Untitled by ARTalk
"The work is untitled because meaning is always changing in time and place." ⁃ Félix González-Torres
This fall, I'm covering the 2011 Istanbul Biennial, titled "Untitled."
Now more than ever, the divide has formed in contemporary art: those concerned with formal aesthetics and those concerned with the political. The work of Félix González-Torres stands at the intersection of these two schools. See: Untitled (Passport)
Untitled (Passport), 1991, courtesy of BAK
You are invited to take a page from a stack of blank paper. As a "specific object without specific form," this stack transforms into a process. It's nondescript. minimal! sexy. But this visual identity lends itself to a political identity: the idea of a blank passport: no borders. no nations. no laws. You might be “present,” but your identity is “absent.” (Oh, and what about the droll role of paper within economic systems….?)
Questions of macroeconomics are very close to my heart. Most recently, I was involved in an exhibition at the New Museum: “Ostalgia”, surveying contemporary Soviet art. Our conceptual point of departure was: Soviet economic and political repression as creative catalysts:
The New York Times' review:
"For some artists repression had a psychological upside…. If what you were doing was censorable, you could trust you were doing something right; heroic, even."

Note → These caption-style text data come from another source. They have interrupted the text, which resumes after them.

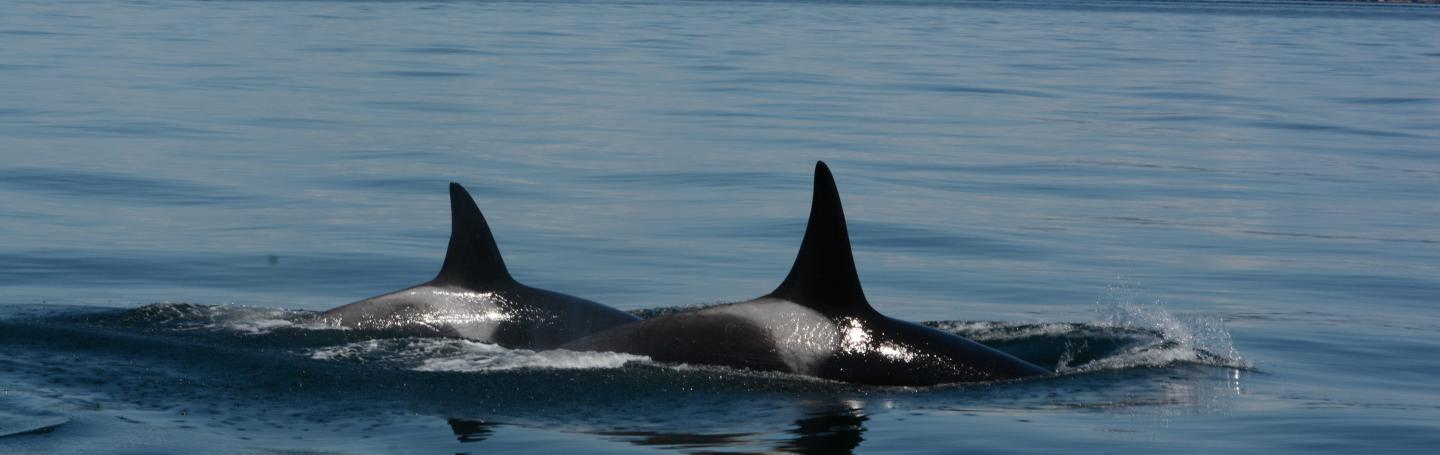 two orcas side by side two orcas surfacing together in glassy water
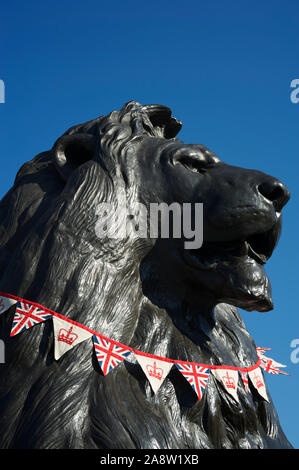 Heroic close-up of Trafalgar Square lion in London, UK, installed in 1867, with British Union Jack flag bunting under bright blue sky Stock Photo
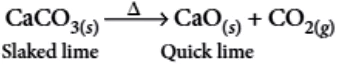 case-study-science-10-ch-01-q-5-iii-ans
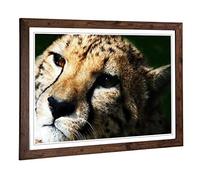 Big Box Art Framed Print of Cheetah 6 Design | Wall Art Picture | Home Decor for Kitchen, Living, Dining Room, Lounge, Bedroom, Hallway, Office, Walnut, A2 / 24.5x18 Inch / 62x45cm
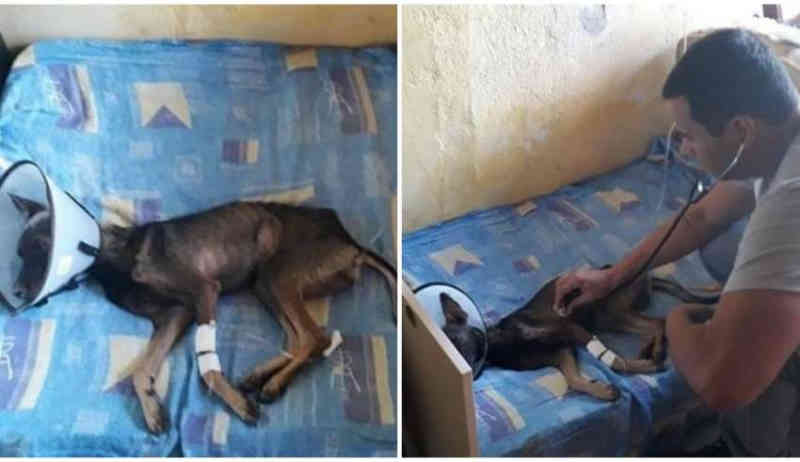 Morre cachorro esfaqueado três vezes pelo próprio tutor: ‘Brilhe meu amor’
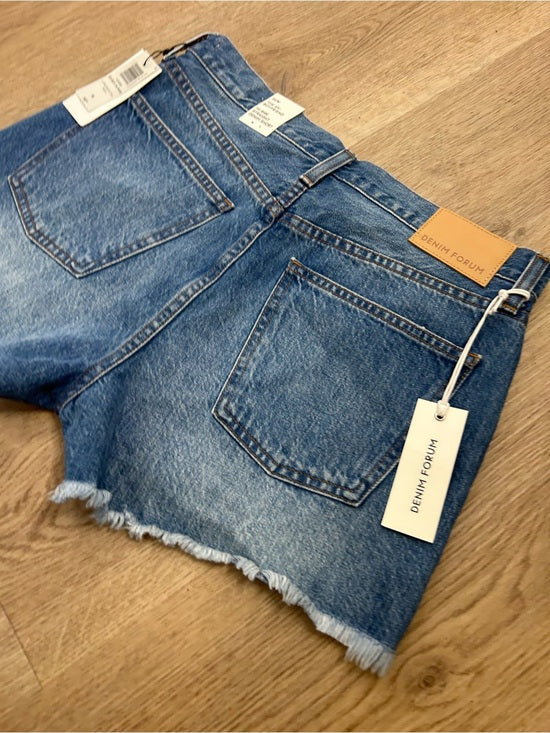 Aritzia Denim Forum 100% Cotton Denim The Ex - Boyfriend High Rise Short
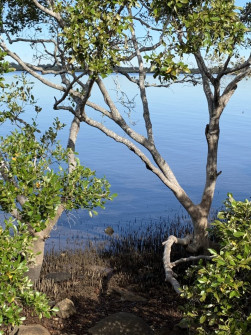 Wellington Point (3)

With colleagues at the opening reception of “Ostalgia,” building designed by SANAA
Thomas Schutte, Three Capacity Men, 2005
Visitors have been baffled by a certain piece: during their walk through the galleries, they encounter performers lining up in random queues!?! Little do they know, it's an anonymous performance by Roman Ondak: Good Feelings in Good Times. (Because "lining up" in a soviet state was simply a sign of inefficient resource allocation, its relevence is amplified by current economic questions of pareto inefficiency, x-inefficiency, etc….)
I feel that there's something devious in staging an anonymous performance, (how do we call it art, if it doesn't announce itself?); there's something unresolved…. like stacks of blank paper.
But that's the beauty of the untitled. Its interpretation is always becoming what it will be….
Terribly honored to have worked with curators Massimiliano Gioni and Jenny Moore on the New Museum's “Ostalgia.”
The 2011 Istanbul Biennial: "Untitled" is curated by Jens Hoffman and Adriano Pedroso.